▶ **The task**
The lines to repeat are those below from the one containing "Kipriotis Village Resort" down to the one containing "Casa aconchegante 2", both included; reproduce them exactly and nothing else.

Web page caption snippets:
┄┄┄┄┄┄
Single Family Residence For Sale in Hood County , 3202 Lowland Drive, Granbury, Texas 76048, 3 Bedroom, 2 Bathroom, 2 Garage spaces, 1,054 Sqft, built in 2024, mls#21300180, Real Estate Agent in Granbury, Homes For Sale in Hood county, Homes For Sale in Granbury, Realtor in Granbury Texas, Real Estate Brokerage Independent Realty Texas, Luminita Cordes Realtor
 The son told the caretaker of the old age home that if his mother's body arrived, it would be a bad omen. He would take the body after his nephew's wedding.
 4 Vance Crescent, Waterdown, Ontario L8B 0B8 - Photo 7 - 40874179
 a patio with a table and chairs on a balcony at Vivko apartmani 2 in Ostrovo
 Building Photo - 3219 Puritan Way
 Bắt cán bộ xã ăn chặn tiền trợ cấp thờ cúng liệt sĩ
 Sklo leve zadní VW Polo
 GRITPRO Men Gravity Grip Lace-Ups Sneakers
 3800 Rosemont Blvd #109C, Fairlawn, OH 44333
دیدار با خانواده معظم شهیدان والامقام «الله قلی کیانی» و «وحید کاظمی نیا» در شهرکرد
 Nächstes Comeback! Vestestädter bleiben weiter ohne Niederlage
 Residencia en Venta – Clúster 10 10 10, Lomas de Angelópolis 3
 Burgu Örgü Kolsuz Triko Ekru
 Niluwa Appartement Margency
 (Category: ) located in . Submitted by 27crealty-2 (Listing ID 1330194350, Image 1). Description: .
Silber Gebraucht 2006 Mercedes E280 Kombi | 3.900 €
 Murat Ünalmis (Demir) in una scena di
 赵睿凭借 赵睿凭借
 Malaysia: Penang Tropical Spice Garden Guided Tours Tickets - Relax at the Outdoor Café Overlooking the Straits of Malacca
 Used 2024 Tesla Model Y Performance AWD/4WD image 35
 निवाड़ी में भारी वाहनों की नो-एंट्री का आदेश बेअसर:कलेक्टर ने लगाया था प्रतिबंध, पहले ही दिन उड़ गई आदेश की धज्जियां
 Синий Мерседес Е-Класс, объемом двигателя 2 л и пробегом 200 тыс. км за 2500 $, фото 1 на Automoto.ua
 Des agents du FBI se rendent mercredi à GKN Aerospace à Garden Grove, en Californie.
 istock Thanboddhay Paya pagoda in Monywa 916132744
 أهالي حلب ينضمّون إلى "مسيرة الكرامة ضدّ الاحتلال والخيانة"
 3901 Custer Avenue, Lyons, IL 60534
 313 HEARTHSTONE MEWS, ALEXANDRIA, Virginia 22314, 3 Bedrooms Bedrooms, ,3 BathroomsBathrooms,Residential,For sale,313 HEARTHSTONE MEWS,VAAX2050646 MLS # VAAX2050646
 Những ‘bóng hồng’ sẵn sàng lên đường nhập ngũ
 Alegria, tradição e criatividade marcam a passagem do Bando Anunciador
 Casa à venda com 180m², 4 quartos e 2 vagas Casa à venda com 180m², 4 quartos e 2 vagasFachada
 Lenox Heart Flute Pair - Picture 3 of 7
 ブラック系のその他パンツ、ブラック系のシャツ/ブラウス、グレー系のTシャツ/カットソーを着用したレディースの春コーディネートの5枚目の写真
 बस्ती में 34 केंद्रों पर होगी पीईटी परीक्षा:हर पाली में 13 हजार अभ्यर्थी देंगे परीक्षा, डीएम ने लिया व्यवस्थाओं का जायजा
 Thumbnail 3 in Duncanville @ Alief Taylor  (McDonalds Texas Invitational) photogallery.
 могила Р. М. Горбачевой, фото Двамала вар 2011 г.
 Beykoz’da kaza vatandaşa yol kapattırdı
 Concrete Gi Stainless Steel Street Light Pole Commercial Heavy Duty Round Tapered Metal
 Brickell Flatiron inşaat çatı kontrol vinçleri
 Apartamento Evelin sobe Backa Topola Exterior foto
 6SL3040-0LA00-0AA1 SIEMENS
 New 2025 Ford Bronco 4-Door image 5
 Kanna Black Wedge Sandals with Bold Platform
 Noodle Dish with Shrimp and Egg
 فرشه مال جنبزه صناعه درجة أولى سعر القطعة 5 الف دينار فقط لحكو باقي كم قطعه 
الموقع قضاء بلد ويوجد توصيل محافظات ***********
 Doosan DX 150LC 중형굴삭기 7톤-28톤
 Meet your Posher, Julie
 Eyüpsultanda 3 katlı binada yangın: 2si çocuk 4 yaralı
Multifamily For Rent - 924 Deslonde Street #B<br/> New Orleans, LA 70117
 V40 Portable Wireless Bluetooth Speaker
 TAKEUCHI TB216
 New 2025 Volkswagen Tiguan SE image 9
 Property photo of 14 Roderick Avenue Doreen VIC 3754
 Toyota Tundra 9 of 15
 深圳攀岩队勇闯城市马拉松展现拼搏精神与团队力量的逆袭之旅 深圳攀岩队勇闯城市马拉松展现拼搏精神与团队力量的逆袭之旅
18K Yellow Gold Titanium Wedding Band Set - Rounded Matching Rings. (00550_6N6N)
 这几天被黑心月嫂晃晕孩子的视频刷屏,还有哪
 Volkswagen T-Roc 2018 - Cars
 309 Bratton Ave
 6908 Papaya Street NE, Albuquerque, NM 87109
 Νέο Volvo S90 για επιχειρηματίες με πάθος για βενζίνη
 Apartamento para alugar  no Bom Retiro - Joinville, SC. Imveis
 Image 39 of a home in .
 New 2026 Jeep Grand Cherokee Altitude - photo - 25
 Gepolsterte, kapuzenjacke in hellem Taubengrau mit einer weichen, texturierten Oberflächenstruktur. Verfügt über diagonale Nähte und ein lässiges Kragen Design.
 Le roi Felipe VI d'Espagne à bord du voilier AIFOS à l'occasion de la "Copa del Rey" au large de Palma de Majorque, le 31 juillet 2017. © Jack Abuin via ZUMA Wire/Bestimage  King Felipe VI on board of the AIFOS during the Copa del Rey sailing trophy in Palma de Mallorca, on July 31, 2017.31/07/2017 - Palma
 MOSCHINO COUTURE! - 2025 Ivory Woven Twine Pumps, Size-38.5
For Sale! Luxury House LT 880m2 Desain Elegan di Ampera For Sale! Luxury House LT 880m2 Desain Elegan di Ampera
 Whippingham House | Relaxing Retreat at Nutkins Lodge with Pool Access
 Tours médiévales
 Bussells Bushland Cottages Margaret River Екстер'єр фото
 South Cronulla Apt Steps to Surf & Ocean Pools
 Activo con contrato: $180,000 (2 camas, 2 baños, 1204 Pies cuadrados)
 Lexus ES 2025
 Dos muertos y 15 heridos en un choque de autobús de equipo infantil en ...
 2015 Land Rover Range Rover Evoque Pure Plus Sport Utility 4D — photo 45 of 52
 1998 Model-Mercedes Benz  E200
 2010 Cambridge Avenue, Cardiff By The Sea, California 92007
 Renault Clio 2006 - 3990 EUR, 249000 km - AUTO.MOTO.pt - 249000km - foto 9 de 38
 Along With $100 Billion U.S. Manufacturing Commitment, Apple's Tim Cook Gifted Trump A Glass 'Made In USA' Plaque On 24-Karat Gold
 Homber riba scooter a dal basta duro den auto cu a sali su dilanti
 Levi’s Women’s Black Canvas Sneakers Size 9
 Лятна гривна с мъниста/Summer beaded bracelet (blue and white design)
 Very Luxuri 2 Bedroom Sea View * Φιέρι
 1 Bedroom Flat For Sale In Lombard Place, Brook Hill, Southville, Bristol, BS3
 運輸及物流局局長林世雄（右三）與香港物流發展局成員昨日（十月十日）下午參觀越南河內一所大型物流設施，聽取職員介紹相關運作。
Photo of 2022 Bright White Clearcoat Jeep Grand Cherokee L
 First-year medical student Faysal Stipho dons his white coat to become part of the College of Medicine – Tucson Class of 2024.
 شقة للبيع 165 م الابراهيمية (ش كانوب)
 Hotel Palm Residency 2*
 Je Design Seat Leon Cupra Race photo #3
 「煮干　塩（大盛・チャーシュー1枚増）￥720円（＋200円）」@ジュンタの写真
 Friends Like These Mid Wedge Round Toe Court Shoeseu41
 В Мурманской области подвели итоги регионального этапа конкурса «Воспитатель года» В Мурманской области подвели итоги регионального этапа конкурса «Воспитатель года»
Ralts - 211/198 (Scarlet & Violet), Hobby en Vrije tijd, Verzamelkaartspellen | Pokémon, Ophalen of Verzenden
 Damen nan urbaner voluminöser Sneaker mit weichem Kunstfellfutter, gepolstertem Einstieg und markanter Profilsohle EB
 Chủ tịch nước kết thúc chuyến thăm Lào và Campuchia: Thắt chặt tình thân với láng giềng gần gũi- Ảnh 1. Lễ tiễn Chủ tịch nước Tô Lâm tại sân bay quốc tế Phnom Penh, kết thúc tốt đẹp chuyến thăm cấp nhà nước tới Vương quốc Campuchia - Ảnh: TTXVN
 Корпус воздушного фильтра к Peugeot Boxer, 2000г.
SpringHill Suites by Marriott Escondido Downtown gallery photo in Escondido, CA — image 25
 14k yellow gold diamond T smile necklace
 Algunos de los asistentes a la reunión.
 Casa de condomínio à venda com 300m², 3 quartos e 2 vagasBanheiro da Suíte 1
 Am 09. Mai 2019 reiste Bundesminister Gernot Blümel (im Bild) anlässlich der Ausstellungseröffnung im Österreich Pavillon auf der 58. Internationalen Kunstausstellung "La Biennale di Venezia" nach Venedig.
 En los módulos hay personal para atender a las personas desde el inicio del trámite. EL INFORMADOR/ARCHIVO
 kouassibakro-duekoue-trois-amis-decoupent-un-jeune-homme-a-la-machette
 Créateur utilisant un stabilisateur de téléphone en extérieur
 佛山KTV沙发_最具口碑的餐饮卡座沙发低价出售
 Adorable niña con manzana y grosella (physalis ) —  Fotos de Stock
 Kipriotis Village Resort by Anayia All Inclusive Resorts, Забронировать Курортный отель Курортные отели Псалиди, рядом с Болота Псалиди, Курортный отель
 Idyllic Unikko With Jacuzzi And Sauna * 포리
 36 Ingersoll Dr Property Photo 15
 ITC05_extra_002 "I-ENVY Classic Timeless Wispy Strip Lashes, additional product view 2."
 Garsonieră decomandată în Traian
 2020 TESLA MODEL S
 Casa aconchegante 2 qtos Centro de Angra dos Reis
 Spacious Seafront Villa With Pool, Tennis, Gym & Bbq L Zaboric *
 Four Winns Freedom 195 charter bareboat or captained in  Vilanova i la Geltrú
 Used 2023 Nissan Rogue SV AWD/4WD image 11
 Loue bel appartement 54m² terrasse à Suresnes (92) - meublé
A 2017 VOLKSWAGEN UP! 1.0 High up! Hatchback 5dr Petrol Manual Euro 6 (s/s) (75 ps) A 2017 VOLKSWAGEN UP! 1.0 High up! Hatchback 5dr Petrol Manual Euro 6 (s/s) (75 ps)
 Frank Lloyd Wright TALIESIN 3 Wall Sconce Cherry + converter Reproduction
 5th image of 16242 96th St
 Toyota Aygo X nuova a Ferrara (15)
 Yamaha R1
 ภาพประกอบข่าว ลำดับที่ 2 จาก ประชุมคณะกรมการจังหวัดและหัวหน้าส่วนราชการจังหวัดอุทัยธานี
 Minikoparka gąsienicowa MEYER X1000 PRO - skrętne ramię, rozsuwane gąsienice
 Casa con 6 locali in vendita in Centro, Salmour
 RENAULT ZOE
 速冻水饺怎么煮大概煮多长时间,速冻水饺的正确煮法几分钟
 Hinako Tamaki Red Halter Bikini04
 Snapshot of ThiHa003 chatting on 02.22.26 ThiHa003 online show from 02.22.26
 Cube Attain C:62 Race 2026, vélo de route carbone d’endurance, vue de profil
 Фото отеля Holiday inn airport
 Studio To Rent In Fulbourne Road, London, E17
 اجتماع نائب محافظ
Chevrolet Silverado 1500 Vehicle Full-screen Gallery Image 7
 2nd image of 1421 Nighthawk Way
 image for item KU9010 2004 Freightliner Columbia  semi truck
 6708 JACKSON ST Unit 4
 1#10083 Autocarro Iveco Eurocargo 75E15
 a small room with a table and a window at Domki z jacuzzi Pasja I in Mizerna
┄┄┄┄┄┄
▶ **Answer area**
 Kipriotis Village Resort by Anayia All Inclusive Resorts, Забронировать Курортный отель Курортные отели Псалиди, рядом с Болота Псалиди, Курортный отель
 Idyllic Unikko With Jacuzzi And Sauna * 포리
 36 Ingersoll Dr Property Photo 15
 ITC05_extra_002 "I-ENVY Classic Timeless Wispy Strip Lashes, additional product view 2."
 Garsonieră decomandată în Traian
 2020 TESLA MODEL S
 Casa aconchegante 2 qtos Centro de Angra dos Reis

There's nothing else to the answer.